The European Parliament elections officially began this morning as British and Dutch voters hit the ballot box first in a poll which is expected to reflect broad public concerns over governments’ handling of the global economic slowdown.
Past European Parliament elections have been blighted by low turnout, with experts expecting an even further slump this time compared with 2004, when only 45.5% of voters went to the polls.
“I understand that people can feel tired of politics,” Czech Prime Minister Jan Fischer, whose country holds the rotating presidency of the EU, said on Wednesday.
“We often hear about a democratic deficit in the EU […] One cannot complain of the EU being undemocratic and at the same time refuse to go to the polls,” he said.
Dutch to lean right
Dutch turnout for the vote is expected to be extremely low, with a recent TNS poll reporting that only 30% of Dutch voters plan to participate in the election. At the 2004 European elections, 39% of the Dutch electorate cast their ballot, with just 30% voting in 1999.
Some 13 million Dutch and other European voters go to the polls in the Netherlands today to elect 25 members of the European Parliament. Despite calls to keep the results of the Dutch ballot secret until Sunday, as is legally required, exit polls will be published shortly after the polls close at 9pm.
Geert Wilders’s anti-Islamic Freedom Party (PVV) could very well outperform the Christian Democrats of Prime Minister Jan Peter Balkenende, according to recent opinion polls. The Dutch appetite for fringe parties was revealed in research conducted by 21minuten.nl, which reported that 54% of Dutch citizens would favour more restrictions on workers from other EU countries.
Yesterday (3 June), some 15,000 school pupils in 140 schools took part in mock elections to the EU assembly. The PVV emerged as the winner with 19.2% of the vote, followed by Labour on 18.6%, the right-wing Liberals and the Christian Democrats.
Lisbon Treaty rears its head
For British Prime Minister Gordon Brown, the election will be a test of his leadership, and a bad performance by his ruling Labour Party will increase pressure on him to quit.
The European and local elections have been completely overshadowed by a parliamentary expenses scandal that has rocked the major parties (EURACTIV 03/06/09). Opposition leaders have openly urged voters to use the election to express their discontent with Brown’s government.
Philip Whyte, a political expert at the Centre for European Reform in London, said that one of the “big winners” from the scandal would be the UK Independence Party (UKIP), referring to the main British Eurosceptic party.
David Cameron, leader of the Conservative Party, tabled a bill in the UK parliament on Tuesday that would allow a referendum on the Lisbon Treaty to take place in the autumn. Although the bill is unlikely to pass, it signals the main opposition party’s increasingly Eurosceptic stance ahead of today’s election.
The vote will be keenly watched in Germany to assess the mood ahead of national elections in September, while analysts say French President Nicolas Sarkozy’s ruling conservatives could lose votes to the far-right.

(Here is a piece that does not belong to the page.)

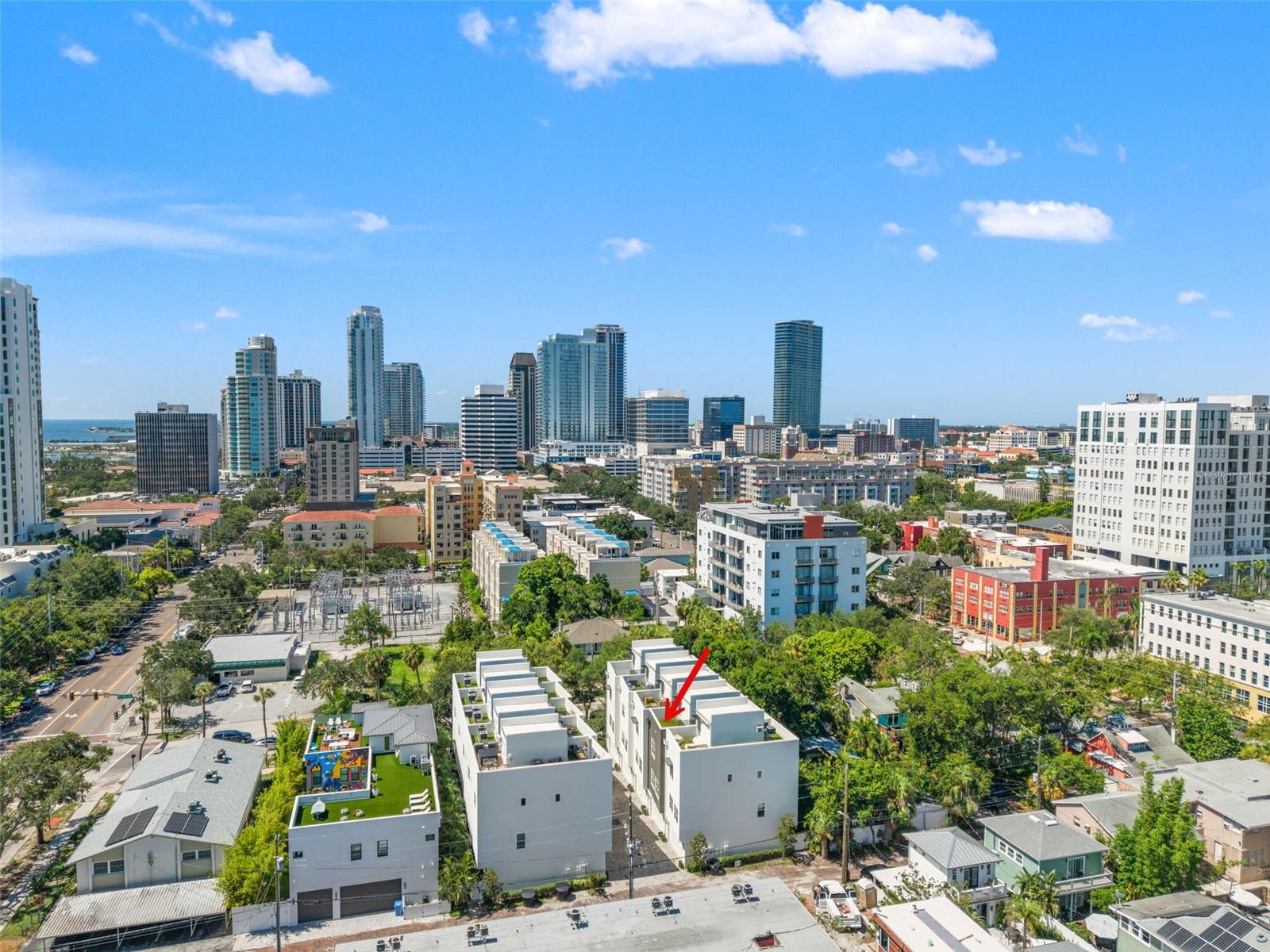 5TH AVE TWNHMS - Residential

The French president and German Chancellor Angela Merkel issued a joint statement last weekend urging voters to cast their ballot (EURACTIV 02/06/09). Analysts suggest that the main German parties are treating this week’s vote as a warm-up for September’s national election, something Merkel strongly rebuffs.
In Ireland, the governing Fianna Fáil party is expected to suffer setbacks, but it is not clear how well the Libertas party, which opposes the Lisbon Treaty, will fare.
A higher turnout is expected in Ireland this time around, with voters furious at the drastic downturn in the once much-celebrated Irish booming economy. The country’s GDP is expected to shrink by over 11% from 2008 through 2010, according to figures released by the Economic and Social Research Institute in Dublin.
The treaty, on which Ireland holds a referendum in the autumn, is intended to streamline decision-making in the EU and would give the Parliament more powers in setting legislation.
Unemployment in the 16 countries sharing the euro currency rose to 9.2% – a 10-year high – in April, and joint European efforts to tackle joblessness have had limited success. Some EU leaders fear rising poverty could trigger a social crisis.